Ahora me acuerdo de todo, como si estuviera sucediendo: la expectativa, la alegría tanto tiempo contenida, una extraña fraternidad en un público que celebraba una fiesta. No se trataba solo del regreso de un cantante popular, querido y admirado, ausente del país desde hacía ocho o nueve años. Era como si la vida, brutalmente interrumpida por el terror y la barbarie, retomara su curso, herida pero imparable.

Cuando él apareció en la escena, precedido por los primeros acordes de la primera canción, estalló el estribillo que unificó a la multitud: “Se va a acabar, se va a acabar, la dictadura militar”. Serrat se quedó quieto, en silencio, asintiendo con la cabeza, y no hizo el menor gesto hasta que, varios minutos después, mientras seguía sonando la música sin otras palabras que las del público, el apagarse del estribillo lo autorizó a a cantar.

Disfrutamos de las viejas canciones, y subrayamos con aplausos y vítores cada frase que aludía, aunque fuera lateralmente, al cambio de época que deseábamos. “Prefiero”, cantaba, “la revolución a las pesadillas”,  y nuestra propia pesadilla de más de siete años nos hacía llorar. Pero se terminaba, y el sonido de esa canción, ahí, en el corazón de una Buenos Aires ensangrentada y envilecida, era un testimonio de ese final.

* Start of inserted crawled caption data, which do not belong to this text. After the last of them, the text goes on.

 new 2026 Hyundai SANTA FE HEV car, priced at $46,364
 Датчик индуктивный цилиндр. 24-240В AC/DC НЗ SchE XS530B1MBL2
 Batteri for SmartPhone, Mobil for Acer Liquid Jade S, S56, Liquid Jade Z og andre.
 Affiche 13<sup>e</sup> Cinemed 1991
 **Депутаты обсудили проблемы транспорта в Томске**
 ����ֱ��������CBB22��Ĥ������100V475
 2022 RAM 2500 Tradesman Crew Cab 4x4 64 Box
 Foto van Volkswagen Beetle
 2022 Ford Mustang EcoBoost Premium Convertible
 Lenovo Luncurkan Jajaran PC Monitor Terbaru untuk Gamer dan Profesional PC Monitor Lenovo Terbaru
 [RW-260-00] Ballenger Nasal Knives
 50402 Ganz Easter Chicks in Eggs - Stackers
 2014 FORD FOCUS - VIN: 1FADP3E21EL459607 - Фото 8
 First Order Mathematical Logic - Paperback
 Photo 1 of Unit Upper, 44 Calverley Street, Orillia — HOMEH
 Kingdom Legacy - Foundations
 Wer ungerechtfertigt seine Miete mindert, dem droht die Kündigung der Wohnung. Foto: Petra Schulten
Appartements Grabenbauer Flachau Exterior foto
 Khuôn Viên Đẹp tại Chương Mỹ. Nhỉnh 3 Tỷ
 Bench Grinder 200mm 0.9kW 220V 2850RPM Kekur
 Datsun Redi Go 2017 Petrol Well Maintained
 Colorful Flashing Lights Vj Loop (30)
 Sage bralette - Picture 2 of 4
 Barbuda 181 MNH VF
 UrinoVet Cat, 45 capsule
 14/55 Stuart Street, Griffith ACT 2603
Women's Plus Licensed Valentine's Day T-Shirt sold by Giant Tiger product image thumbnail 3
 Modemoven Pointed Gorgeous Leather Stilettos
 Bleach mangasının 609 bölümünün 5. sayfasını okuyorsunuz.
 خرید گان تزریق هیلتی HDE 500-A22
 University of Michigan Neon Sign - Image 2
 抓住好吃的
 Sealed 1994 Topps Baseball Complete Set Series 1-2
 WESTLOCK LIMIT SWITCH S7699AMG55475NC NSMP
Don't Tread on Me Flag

No somos los mismos de entonces, y seguramente tampoco lo es Serrat. Pero más allá de lo que cada uno piense o sienta ahora, treinta años más tarde, en esas noches se anudó un lazo que tal vez nada pueda destruir. Un lazo hecho de nuestra propia historia, de un momento de ella que no está en archivos ni en documentos, sino en aquellos corazones nuestros, maltrechos y sobrevivientes.